Totally Distributed Energy-Efficient Transmission in MIMO Interference Channels

TL;DR

This paper introduces a fully distributed energy-efficient transmission algorithm for MIMO interference channels, ensuring convergence to a Nash equilibrium without extensive information exchange, and analyzes its performance and tradeoffs.

Contribution

It proposes a novel totally distributed, asynchronous algorithm for maximizing energy efficiency in MIMO interference channels, with proven convergence and practical applicability.

Findings

The game always admits a Nash equilibrium.

The proposed algorithm converges globally under certain conditions.

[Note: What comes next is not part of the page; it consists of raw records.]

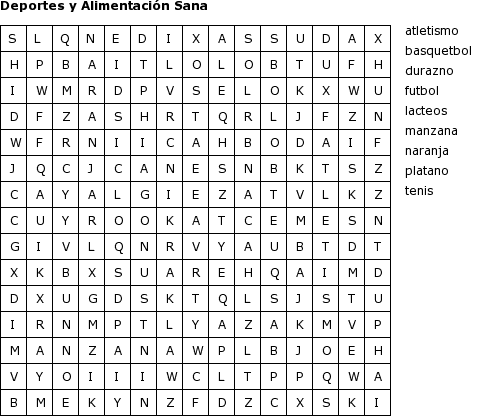 vida saludable y sana: Sopa De Letras.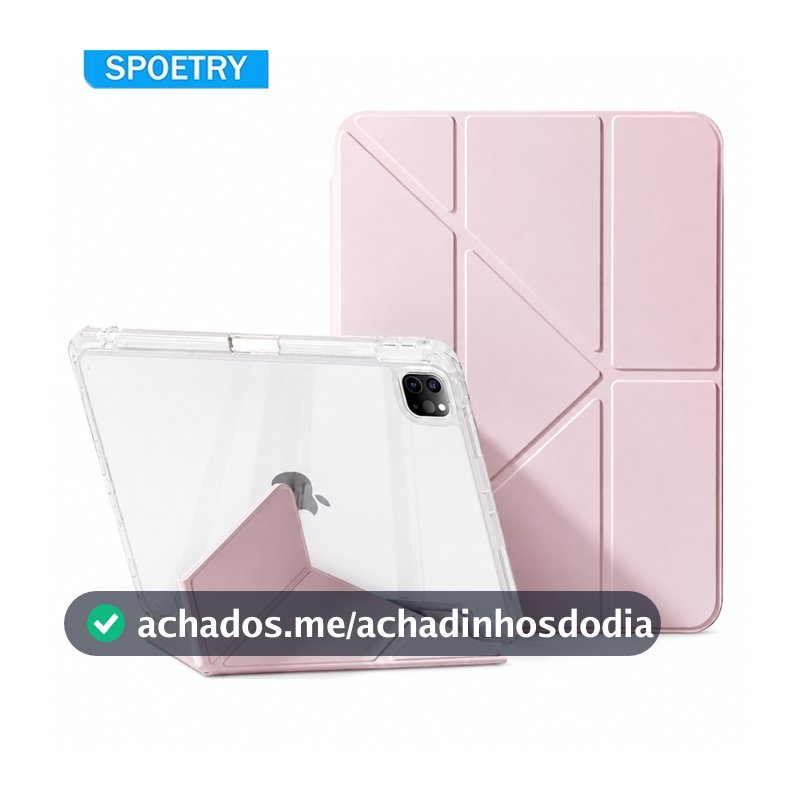 SPOETRY Capa Y Dobrar HD Acrílica c/ Slot Caneta Para iPad 9/8/7/10ª/Air 4/5/6/Pro 11" 2018/20/21/22 10.2" 10.9" 11"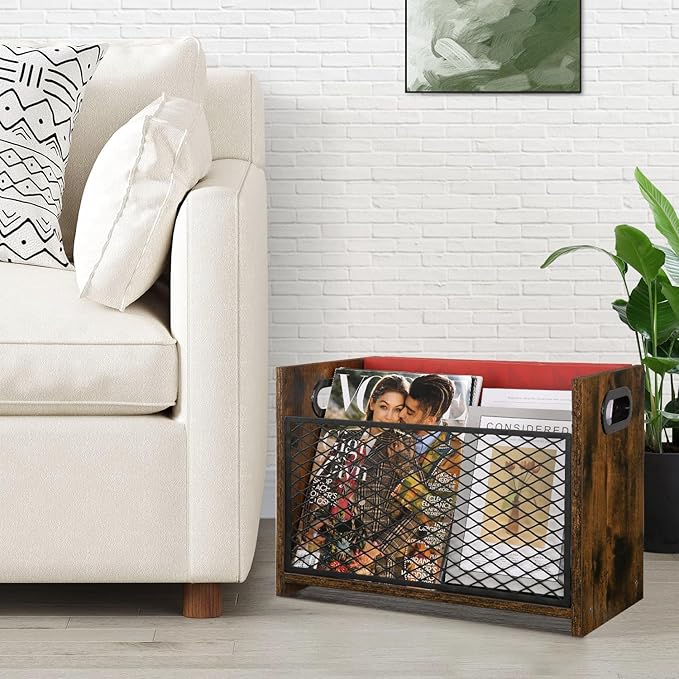 YINMIT Magazine Holder, Magazine Rack for Desktop and Home Office, Farmhouse File Storage Basket for Letters, Magazines, Books, Newspapers (Large)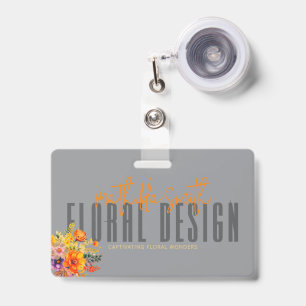Crachá Design Floral Sofisticado Flores Laranja Cinza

Tradeoffs between energy efficiency and spectral efficiency are characterized.

Abstract

In this paper, we consider the problem of maximizing the energy efficiency (EE) for multi-input multi-output (MIMO) interference channels, subject to the per-link power constraint. To avoid extensive information exchange among all links, the optimization problem is formulated as a noncooperative game, where each link maximizes its own EE. We show that this game always admits a Nash equilibrium (NE) and the sufficient condition for the uniqueness of the NE is derived for the case of arbitrary channel matrices, which can be checked in practice. To reach the NE of this game, we develop a totally distributed EE algorithm, in which each link updates its own transmit covariance matrix in a completely distributed and asynchronous way: Some players may update their solutions more frequently than others or even use the outdated interference information. The sufficient conditions that guarantee the global convergence of the proposed algorithm to the NE of the game have been given as well. We also study the impact of the circuit power consumption on the sum-EE performance of the proposed algorithm in the case when the links are separated sufficiently far away. Moreover, the tradeoff between the sum-EE and the sum-spectral efficiency (SE) is investigated with the proposed algorithm under two special cases: 1) low transmit power constraint regime; 2) high transmit power constraint regime. Finally, extensive simulations are conducted to evaluate the impact of various system parameters on the system performance.